1、Banks have limits on how much Tier 2 and Tier 3 capital they can use to meet capital requirements. Assuming that capital is 8% of total risk weighted assets, which of the following asset allocations would be acceptable to meet the Basel II capital requirements?
I. 30% cumulative preferred stock, 25% common stock, 20% retained earnings, 20% loan loss reserves.
II. 50% non-redeemable, non-cumulative preferred stock, 25% retained earnings, 25% common stock.
III. 35% common stock, 15% short-term subordinated debt, 40% unrealized gains on assets, 10% cumulative preferred stock.

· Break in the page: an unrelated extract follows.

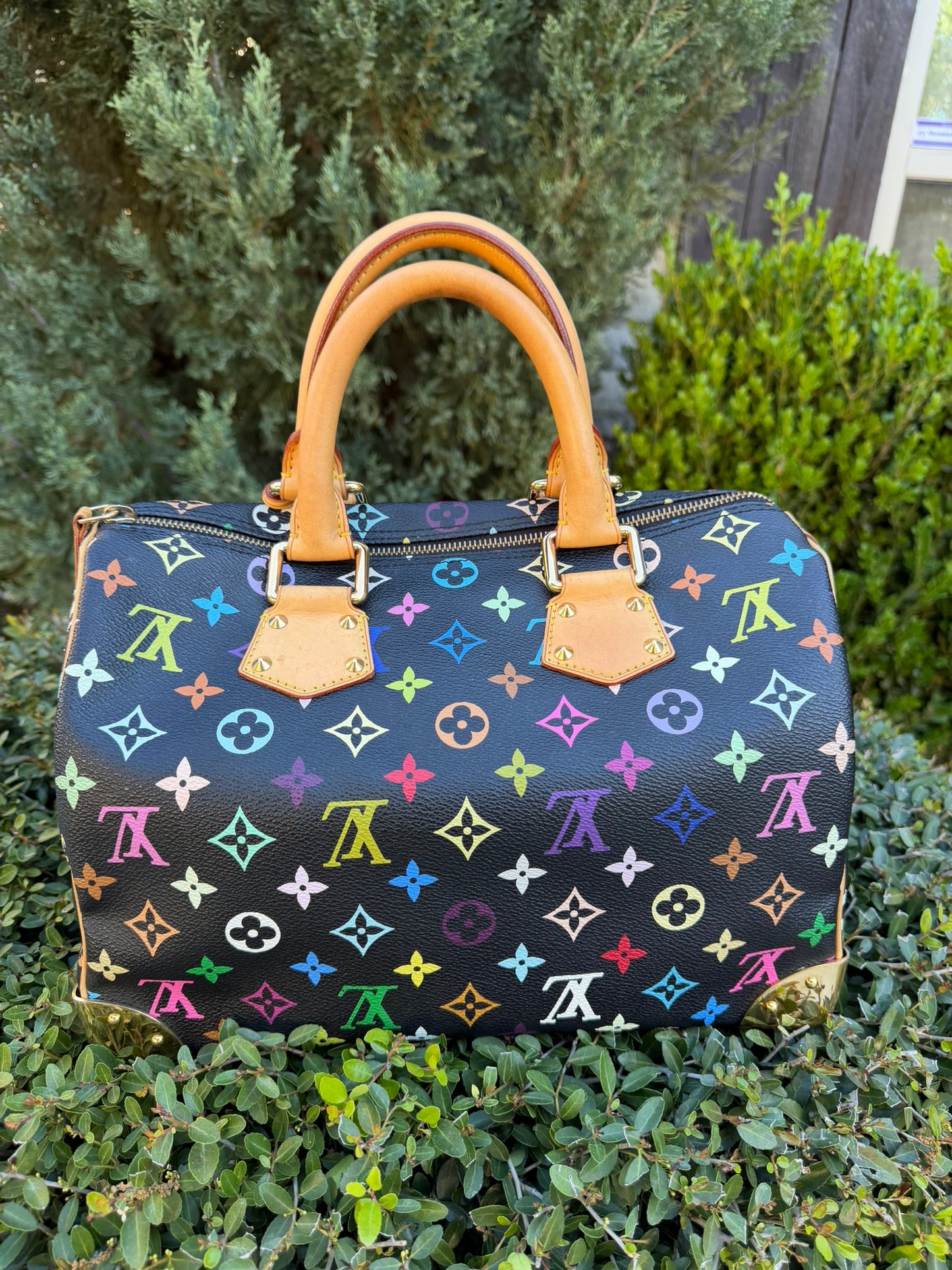 Louis Vuitton Speedy 30 – Multicolor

IV. 50% cumulative preferred stock, 50% non-redeemable, non-cumulative preferred stock.
A. I and II.
B. II and III.
C. II and IV.
D. I, III, and IV
To qualify, Tier 2 capital is limited to 100% of Tier 1 capital, implying that a 50/50 split between Tier 1 and Tier 2 capital is acceptable. Tier 1 capital includes common stock, retained earnings, and non-redeemable, noncumulative, preferred stock. Tier 2 capital includes unrealized gains, cumulative preferred stock, and loan loss reserves. Tier 3 capital consists of short-term subordinated debt. Only choices II and IV have at least 50% of their allocation made up of Tier 1 capital.

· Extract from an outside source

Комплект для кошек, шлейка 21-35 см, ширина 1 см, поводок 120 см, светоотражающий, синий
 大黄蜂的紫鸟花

2、The Merton model and the Moody’s KMV model use different approaches to determine the probability of default. Which of the following is consistent with Moody’s KMV model?
A. The distance to default is 1.96, so there is a 2.5% probability of default.
B. The distance to default is 1.96, so there is a 5.0% probability of default.
C. The historical frequency of default for corporate bonds has been 6%. Updating this with Altman’s Z-score analysis would provide a probability of default that is somewhat different than 6%.
D. The distance to default is 1.96 and, historically, 1.2% of firms with this characterization have defaulted, so there is a 1.2% probability of default.
Moody’s KMV model evaluates the historical frequency of default for firms with similar distances to default and uses this as the probability of default.